Above, we define syntax classes to pattern match on record and field definitions. Match failures, including using invalid types for field definitions, are reported as errors. This already gets us a useful little linter that checks that our uses of define-record are syntactically valid. With a little more work, we can extend our record-definition class to track the bindings generated by define-record:

(define-syntax-class record-definition
  (pattern (define-record record-id:id
             (record-field:field-definition ...))
           #:do [(track-binding #'record-id "make-~a")
                 (track-binding #'record-id "~a?")
                 (define record-id-sym (syntax->datum #'record-id))
                 (for ([field-id-stx (in-list (syntax-e #'(record-field.id ...)))])
                   (track-binding field-id-stx (format "~a-~~a" record-id-sym))
                   (track-binding field-id-stx (format "set-~a-~~a" record-id-sym)))]))

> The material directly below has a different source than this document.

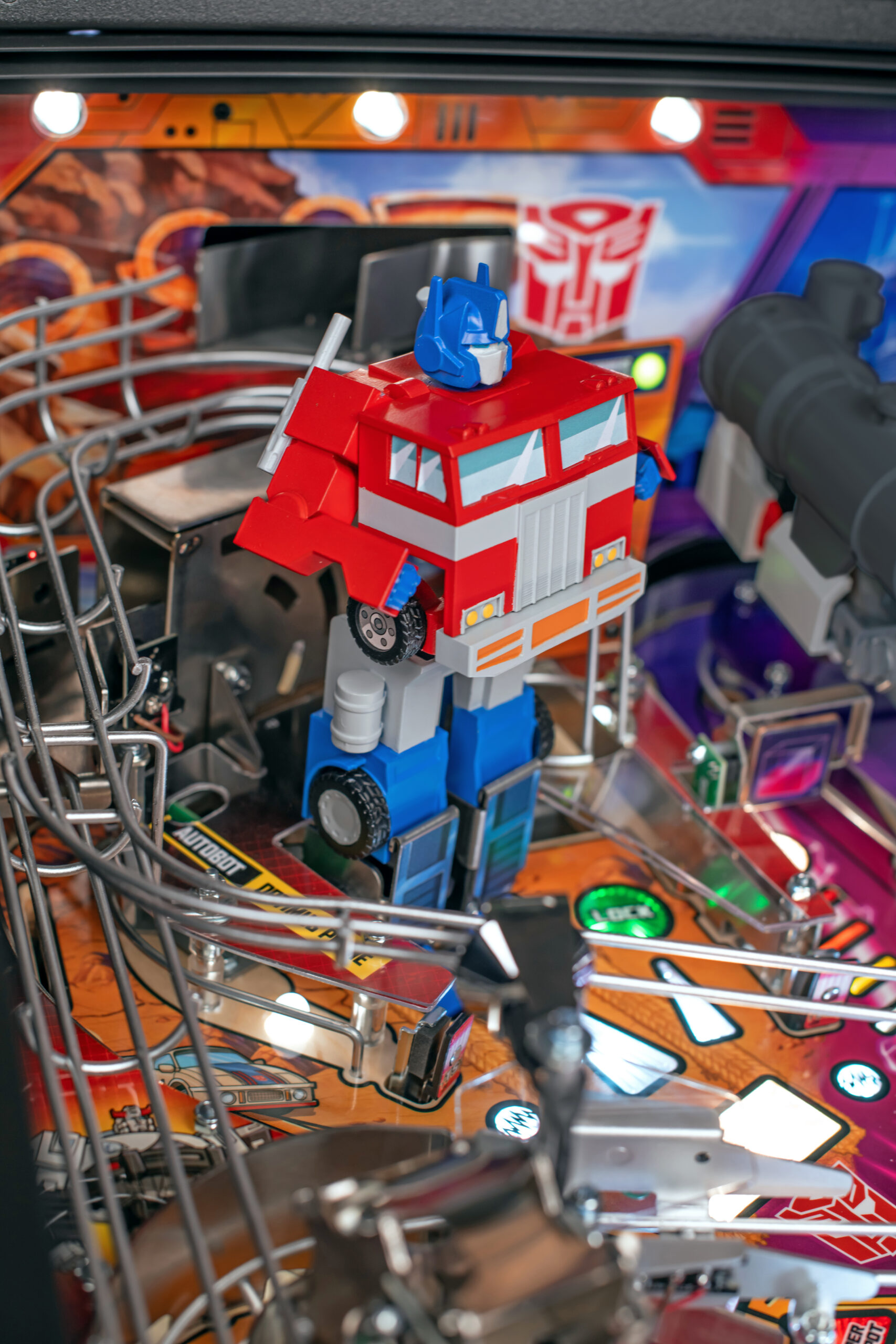 TRANSFORMERS: More Than Meets the Eye Pro - Image 9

Now, our linter will complain if we have any unused fields. You can find the full example on GitHub. For a slightly more complex example, check out the custom linter for deta on GitHub.

Limitations

This approach has some obvious limitations. The binding tracking is approximate and done as a side-channel to the way Racket actually does things. Syntactic forms are recognized symbolically rather than by binding, so linters have no way of recognizing renamed imports, nor do they have a way of distinguishing the same names across different libraries.

Despite all that, I get valuable support from review in the 80% 1 of cases where it does work well, and I expect to get more out of it as I wrote more extensions for bits of custom syntax that I have here and there. Maybe you will too!

  1. A made-up number. Probably, it fails less than 20% of the time, but I haven't actually kept track.